Imagine um ator de Hollywood estrelando um filme de ação de alto orçamento. Na tela, ele é letal: desmonta armas em segundos, neutraliza inimigos com precisão cirúrgica e traça estratégias de combate complexas. Ele parece saber exatamente o que está fazendo. Nós assistimos e acreditamos na competência dele.
Agora, tire esse ator do set de filmagem, remova o roteiro, a coreografia ensaiada e os dublês. Coloque-o em um campo de batalha real, com caos, decisões imprevisíveis e munição viva. A dura realidade é que aquele “soldado” da tela provavelmente não duraria 15 minutos.
Ele possui a estética da competência, mas não a substância. Ele memorizou a coreografia (o que fazer quando o diretor grita “ação”), mas não desenvolveu o instinto tático (como decidir sob pressão).

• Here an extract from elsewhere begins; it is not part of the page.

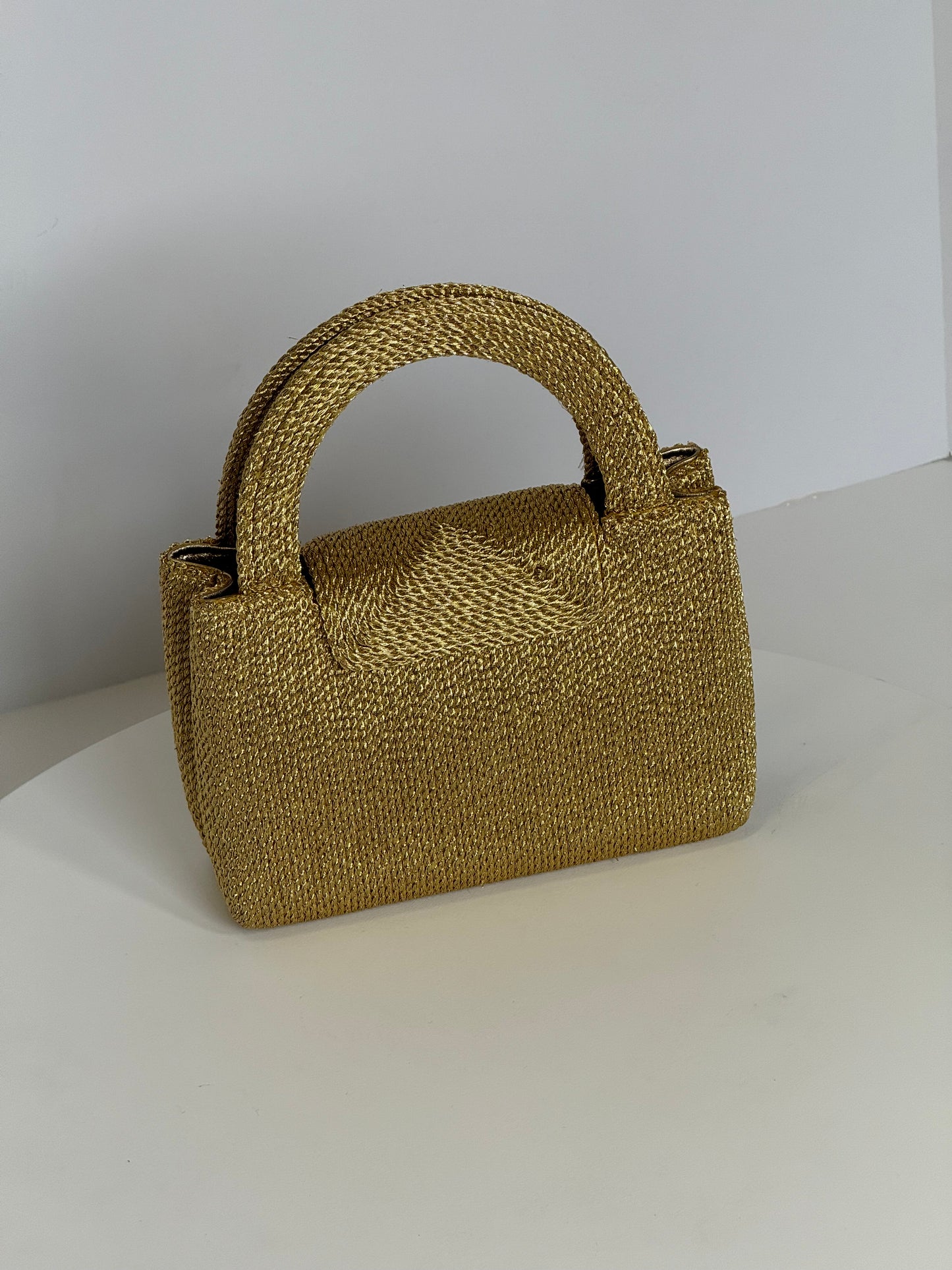 Chanel RARE 1998 Gold Silk Woven Mini Kelly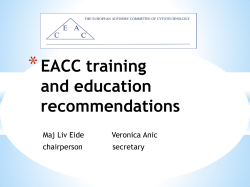 EIDE EACC training and education recommendations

No mundo corporativo, nossos departamentos de Treinamento & Desenvolvimento (T&D) estão, muitas vezes, formando atores, e não soldados. Estamos criando uma força de trabalho que sofre da Ilusão da Competência.
O Fenômeno da “Fluência Ilusória”
A ilusão da competência ocorre quando confundimos a facilidade de consumir uma informação com o domínio sobre ela.
Quando um colaborador assiste a uma série de vídeos curtos sobre “Resolução de Problemas” ou “Metodologia Ágil”, o conteúdo flui bem. Ele entende as palavras, a lógica faz sentido e ele sente que aprendeu. O cérebro dele registra aquela informação como “familiar”.
No entanto, familiaridade (reconhecimento) é muito diferente de domínio (evocação e aplicação). No dia seguinte, quando um problema real e desestruturado aparece, ele trava. Ele sabe o nome da ferramenta, mas não sabe usá-la sem o “roteiro”.
O Diagnóstico via Taxonomia de Bloom
Para entender onde o T&D erra, precisamos revisitar a Taxonomia de Bloom. Esta pirâmide classifica os níveis de aprendizado, da base (mais simples) ao topo (mais complexo).
O abismo da ilusão acontece entre os níveis inferiores e os superiores:
A Base (Lembrar e Entender):
É aqui que a maioria dos treinamentos corporativos modernos vive. Vídeos, leituras e quizzes de múltipla escolha testam se você lembra dos termos. O “ator” do nosso exemplo vive aqui: ele lembra onde ficar e entende a cena.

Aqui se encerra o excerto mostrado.